Arthur A. Husch for objectant.
Edwin J. Loewy, guardian ad litem, for infant.
Louis J. Lefkowitz, Attorney-General (Howard Holt, Sr., of counsel), for possible beneficiaries.
John D. Bennett, S.
In this contested probate proceeding the proponents move to withdraw the petition, stating that they are satisfied the decedent died a resident of the State of New Jersey where he executed a will subsequent to the one now on file with this court. The propounded instrument provides for a bequest of $20,000 for the testator's son Raymond, who is the contestant here. The remainder is given in trust for the benefit of a granddaughter, Amy Louise Budoff, until her 25th birthday, at which time she is to be paid 50% thereof, and on her 35th birthday, the balance. The will names as one of the executors Sylvia Budoff, who is apparently the mother of Amy, and who is now, as stated above, moving to withdraw her petition to probate the propounded instrument.

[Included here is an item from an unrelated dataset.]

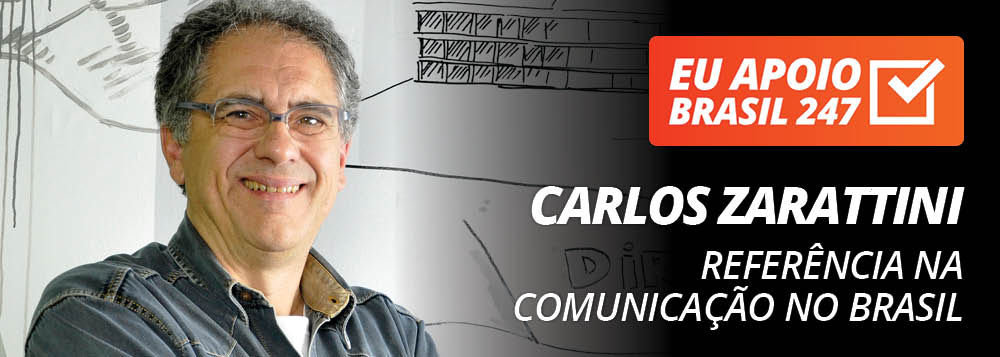 Carlos Zarattini apoia o 247: referência na comunicação no Brasil Carlos Zarattini apoia o 247: referência na comunicação no Brasil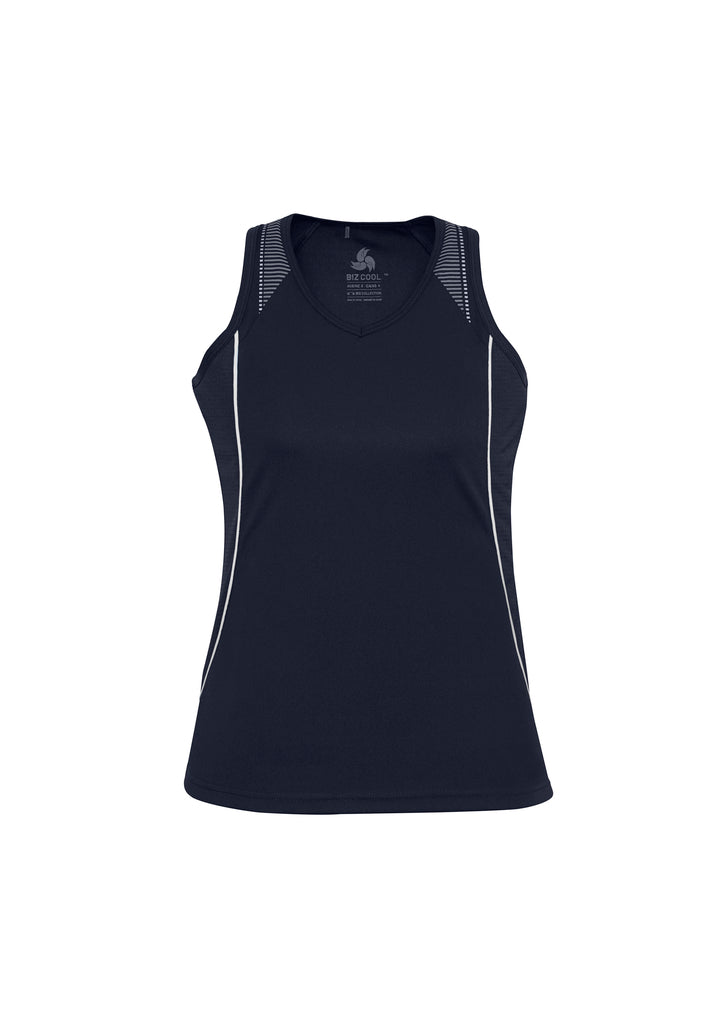 Bizcollection Sg407l Ladies Razor Singlet - Image 8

A guardian ad litem has been appointed for one grandchild, a child of a predeceased son, but none has been appointed for Amy, she being merely a legatee and not a distributee of the estate.
In Hoyt v. Jackson (2 Dem. 443, affd. sub nom. Hoyt v. Hoyt, 45 Hun 590, opn. in 9 N. Y. St. Rep. 731, affd. 112 N. Y. 493), the court stated, at page 456: "When once an instrument purporting to be a will has been produced before the Surrogate, and parties in interest have been summoned to attend the probate, it is no longer under the control of the persons who have propounded it. They cannot claim the right to withdraw it from the files, even though all persons interested consent to that course. Nor, on the other hand, can they, by obtaining the consent of all such persons, procure its admission to probate. The proceeding is in effect a proceeding in rem. The Surrogate must enter a decree pronouncing for or against the will." (See, also, Matter of Lasak, 131 N. Y. 624.) Moreover, "A discontinuance will ordinarily be denied if the termination of the litigation would prejudice the substantial rights of other parties" (Matter of Courtenay, 195 Misc. 446, 447).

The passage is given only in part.